◆ Task to complete: Output exactly the lines from the first line of the records below through the line containing "220 W Highland", both included, leaving out any pictures.

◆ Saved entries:
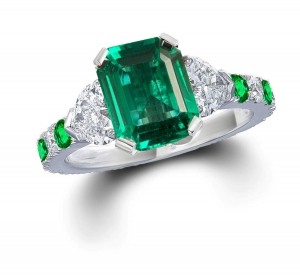 Three Stone Rings With Center Emerald & Further Diamond Accents on Sides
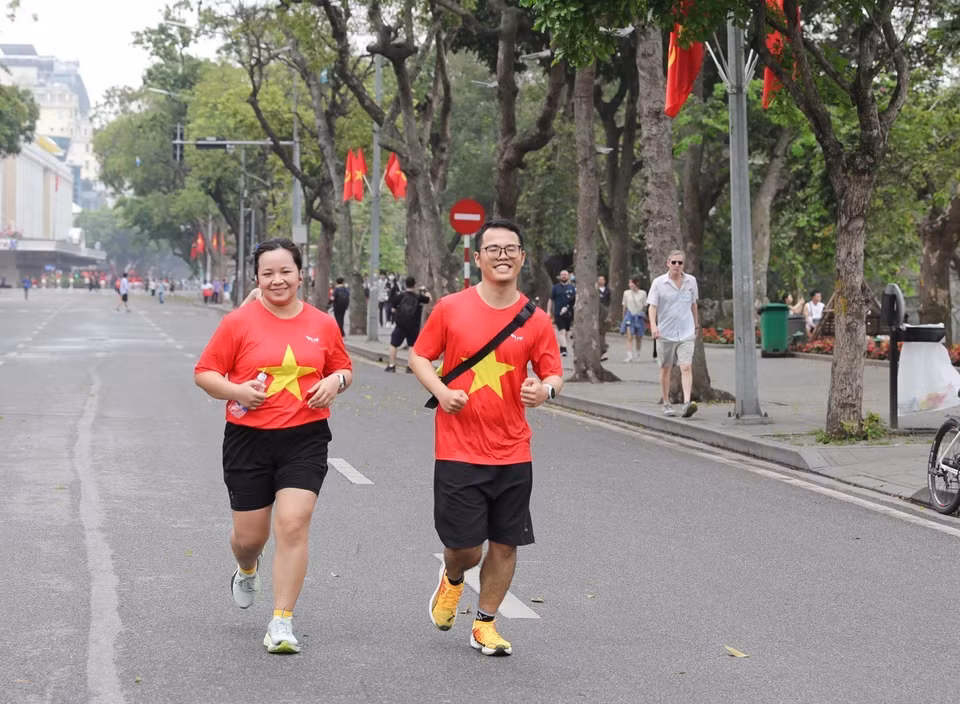 Many people, dressed in outfits featuring the national flag, proudly celebrate 50 years of the liberation of the south and national reunification. (Photo: VNA)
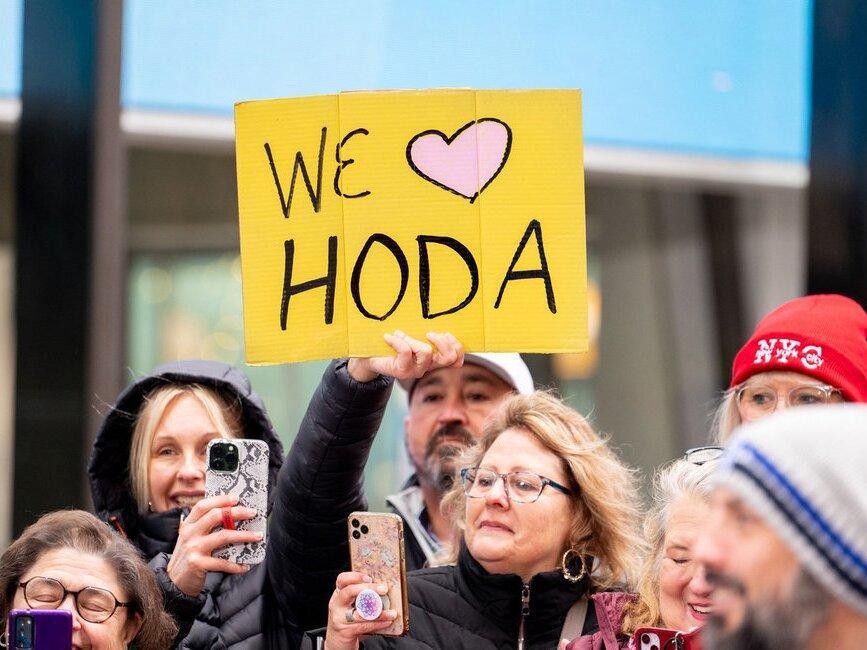 Fans show their love for Hoda Kotb on the Today Show Plaza on Dec. 3, 2024.
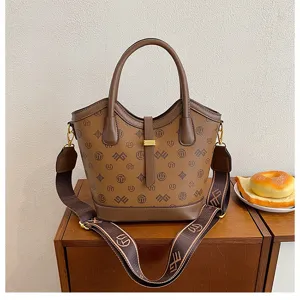 Detailed view of the vintage brown monogram bucket bag with top handles and straps.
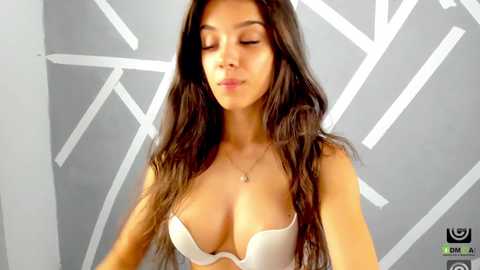 Media: Video of a young woman with long, dark hair, wearing a white bra, standing against a geometric grey and white wall.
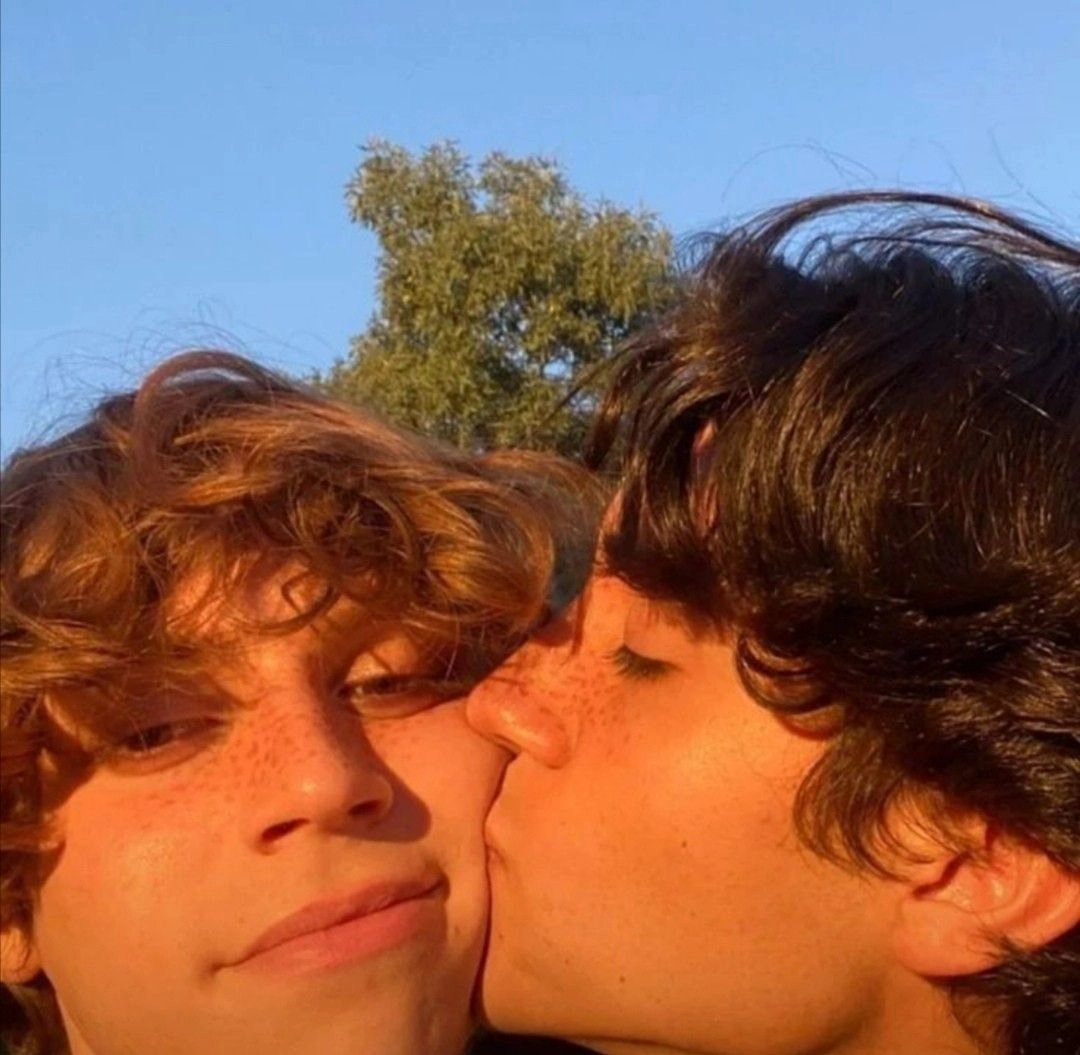 A couple of people that are kissing each other.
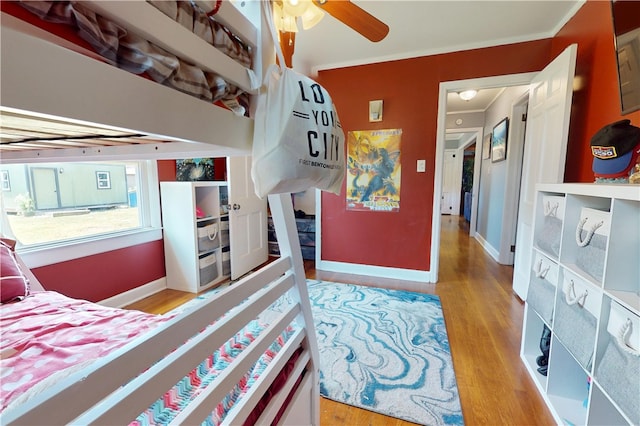 220 W Highland St, Siloam Springs, AR 72761 - bedroom with wood finished floors, baseboards, and crown molding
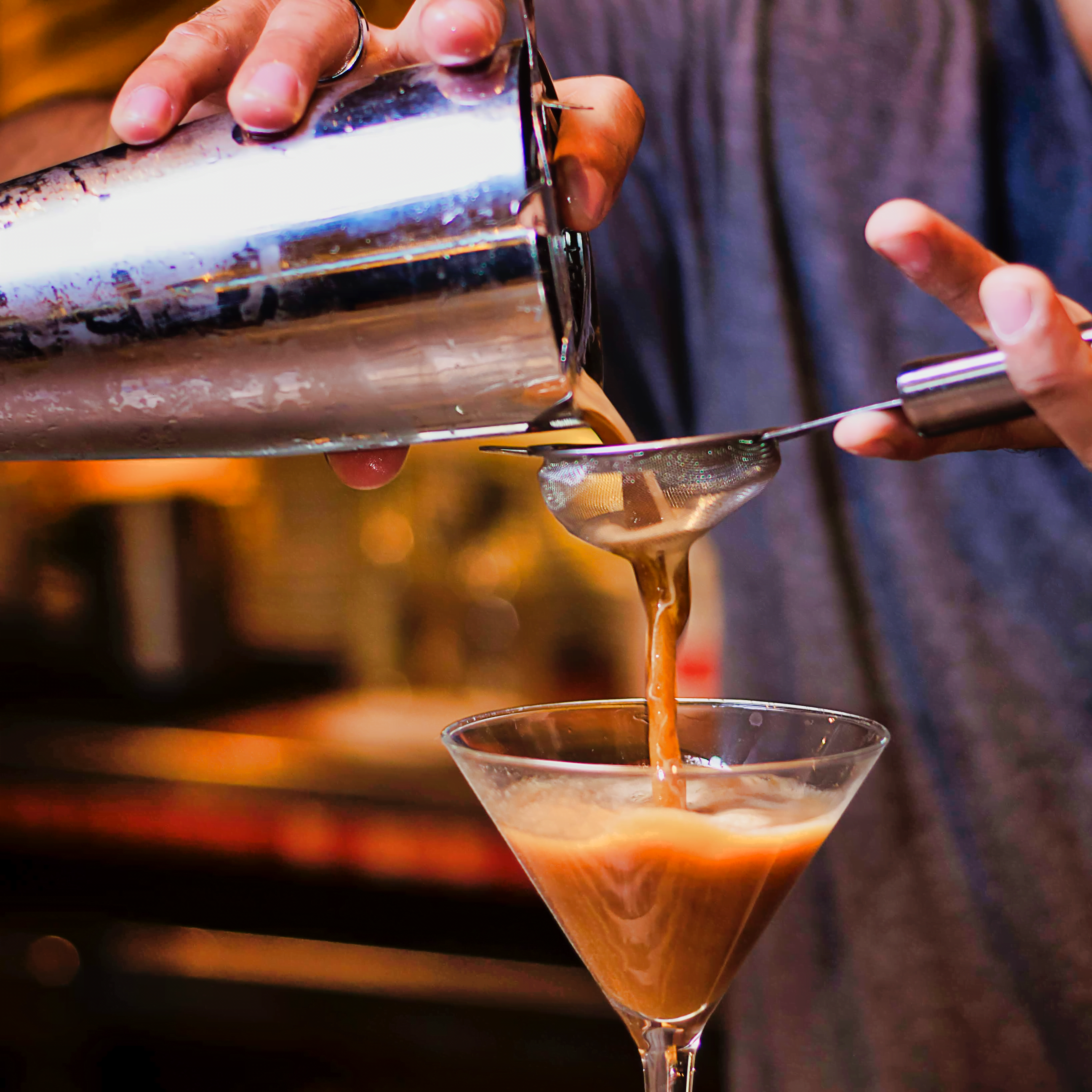 An Espresso Martini being strained our of a shaker cup and into a martini glass.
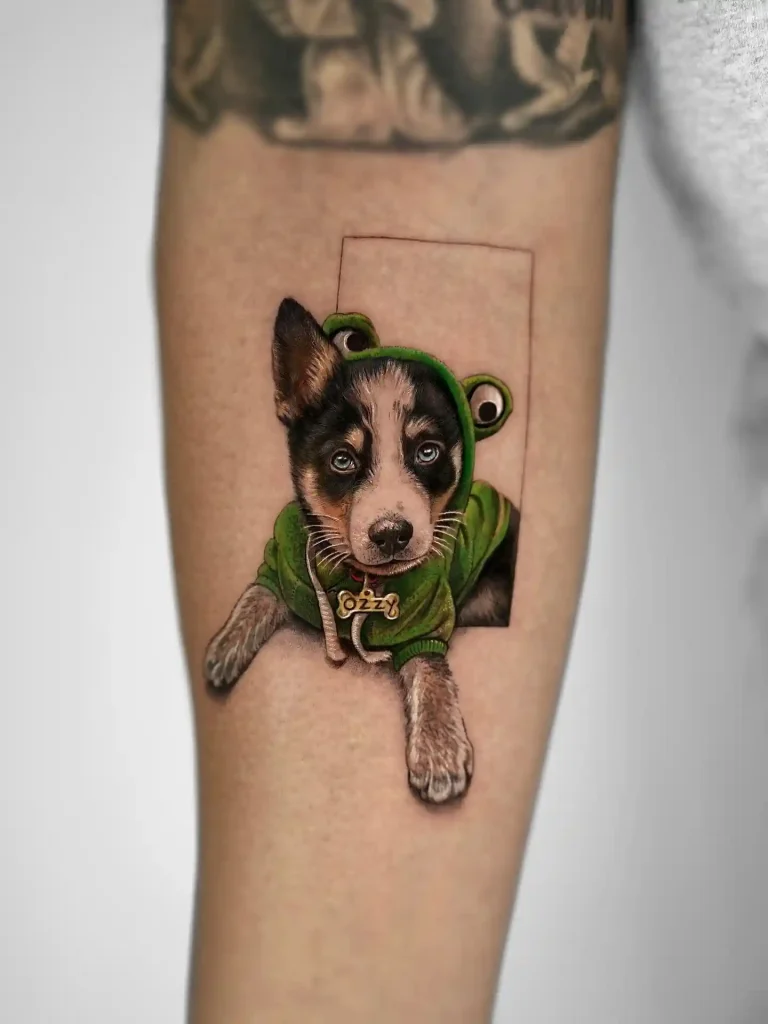 Puppy in Frog Hoodie with Name Tag on Forearm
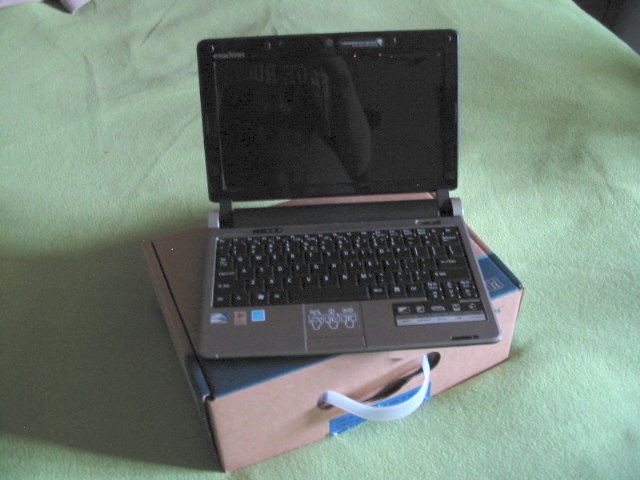 The eMachines laptop on top of its box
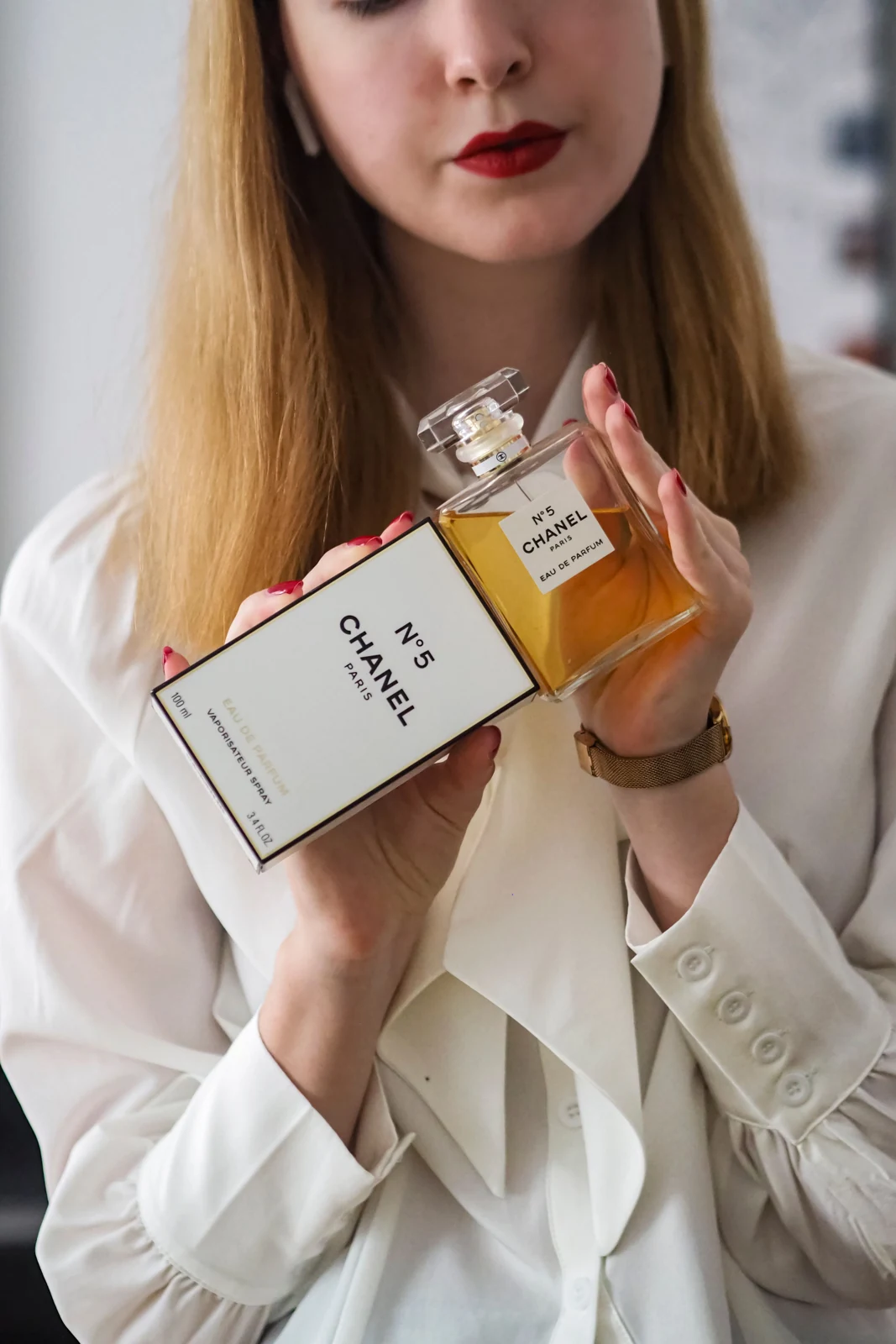 A woman holding a capped perfume bottle beside its printed carton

◆ Output:
 Three Stone Rings With Center Emerald & Further Diamond Accents on Sides
 Many people, dressed in outfits featuring the national flag, proudly celebrate 50 years of the liberation of the south and national reunification. (Photo: VNA)
 Fans show their love for Hoda Kotb on the Today Show Plaza on Dec. 3, 2024.
 Detailed view of the vintage brown monogram bucket bag with top handles and straps.
 Media: Video of a young woman with long, dark hair, wearing a white bra, standing against a geometric grey and white wall.
 A couple of people that are kissing each other.
 220 W Highland St, Siloam Springs, AR 72761 - bedroom with wood finished floors, baseboards, and crown molding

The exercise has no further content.